TASK GOAL: The data must be transcribed exactly, with no line missing.

SUPPLIED INFORMATION:
Start of Block

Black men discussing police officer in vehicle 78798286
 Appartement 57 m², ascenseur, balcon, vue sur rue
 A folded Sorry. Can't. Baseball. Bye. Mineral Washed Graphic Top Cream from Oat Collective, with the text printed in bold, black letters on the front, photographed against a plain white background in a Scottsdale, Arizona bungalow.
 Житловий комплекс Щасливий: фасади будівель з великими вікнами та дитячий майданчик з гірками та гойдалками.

End of Block

EXERCISE ANSWER:
Black men discussing police officer in vehicle 78798286
 Appartement 57 m², ascenseur, balcon, vue sur rue
 A folded Sorry. Can't. Baseball. Bye. Mineral Washed Graphic Top Cream from Oat Collective, with the text printed in bold, black letters on the front, photographed against a plain white background in a Scottsdale, Arizona bungalow.
 Житловий комплекс Щасливий: фасади будівель з великими вікнами та дитячий майданчик з гірками та гойдалками.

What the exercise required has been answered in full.